- [Available data]:

Content starts

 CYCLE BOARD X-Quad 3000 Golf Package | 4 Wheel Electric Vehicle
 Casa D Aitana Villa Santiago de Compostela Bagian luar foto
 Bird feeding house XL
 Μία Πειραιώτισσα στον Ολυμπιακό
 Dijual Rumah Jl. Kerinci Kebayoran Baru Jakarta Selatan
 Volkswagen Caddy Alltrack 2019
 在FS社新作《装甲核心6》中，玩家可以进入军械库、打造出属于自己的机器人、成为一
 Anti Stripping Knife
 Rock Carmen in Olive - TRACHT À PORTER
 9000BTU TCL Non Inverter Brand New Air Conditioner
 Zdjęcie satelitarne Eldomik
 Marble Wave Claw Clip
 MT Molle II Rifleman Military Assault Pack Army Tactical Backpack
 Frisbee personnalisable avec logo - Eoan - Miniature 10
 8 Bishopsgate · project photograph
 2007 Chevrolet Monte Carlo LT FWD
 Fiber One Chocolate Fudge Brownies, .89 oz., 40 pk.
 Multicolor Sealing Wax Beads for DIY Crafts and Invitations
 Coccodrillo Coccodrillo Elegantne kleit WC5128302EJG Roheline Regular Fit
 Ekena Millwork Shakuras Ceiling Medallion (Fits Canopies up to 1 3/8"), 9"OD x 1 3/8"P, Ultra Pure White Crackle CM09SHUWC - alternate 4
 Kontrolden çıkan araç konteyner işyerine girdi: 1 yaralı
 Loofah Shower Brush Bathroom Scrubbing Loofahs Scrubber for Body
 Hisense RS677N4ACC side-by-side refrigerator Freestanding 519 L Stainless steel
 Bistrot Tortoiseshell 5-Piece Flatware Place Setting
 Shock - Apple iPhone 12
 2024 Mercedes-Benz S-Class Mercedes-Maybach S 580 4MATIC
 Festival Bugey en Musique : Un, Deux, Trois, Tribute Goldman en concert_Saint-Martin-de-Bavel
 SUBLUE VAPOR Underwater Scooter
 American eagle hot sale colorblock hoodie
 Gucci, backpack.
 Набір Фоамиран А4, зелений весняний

Content ends

All of the material above needs to be retyped word for word.

- [Answer]:
 CYCLE BOARD X-Quad 3000 Golf Package | 4 Wheel Electric Vehicle
 Casa D Aitana Villa Santiago de Compostela Bagian luar foto
 Bird feeding house XL
 Μία Πειραιώτισσα στον Ολυμπιακό
 Dijual Rumah Jl. Kerinci Kebayoran Baru Jakarta Selatan
 Volkswagen Caddy Alltrack 2019
 在FS社新作《装甲核心6》中，玩家可以进入军械库、打造出属于自己的机器人、成为一
 Anti Stripping Knife
 Rock Carmen in Olive - TRACHT À PORTER
 9000BTU TCL Non Inverter Brand New Air Conditioner
 Zdjęcie satelitarne Eldomik
 Marble Wave Claw Clip
 MT Molle II Rifleman Military Assault Pack Army Tactical Backpack
 Frisbee personnalisable avec logo - Eoan - Miniature 10
 8 Bishopsgate · project photograph
 2007 Chevrolet Monte Carlo LT FWD
 Fiber One Chocolate Fudge Brownies, .89 oz., 40 pk.
 Multicolor Sealing Wax Beads for DIY Crafts and Invitations
 Coccodrillo Coccodrillo Elegantne kleit WC5128302EJG Roheline Regular Fit
 Ekena Millwork Shakuras Ceiling Medallion (Fits Canopies up to 1 3/8"), 9"OD x 1 3/8"P, Ultra Pure White Crackle CM09SHUWC - alternate 4
 Kontrolden çıkan araç konteyner işyerine girdi: 1 yaralı
 Loofah Shower Brush Bathroom Scrubbing Loofahs Scrubber for Body
 Hisense RS677N4ACC side-by-side refrigerator Freestanding 519 L Stainless steel
 Bistrot Tortoiseshell 5-Piece Flatware Place Setting
 Shock - Apple iPhone 12
 2024 Mercedes-Benz S-Class Mercedes-Maybach S 580 4MATIC
 Festival Bugey en Musique : Un, Deux, Trois, Tribute Goldman en concert_Saint-Martin-de-Bavel
 SUBLUE VAPOR Underwater Scooter
 American eagle hot sale colorblock hoodie
 Gucci, backpack.
 Набір Фоамиран А4, зелений весняний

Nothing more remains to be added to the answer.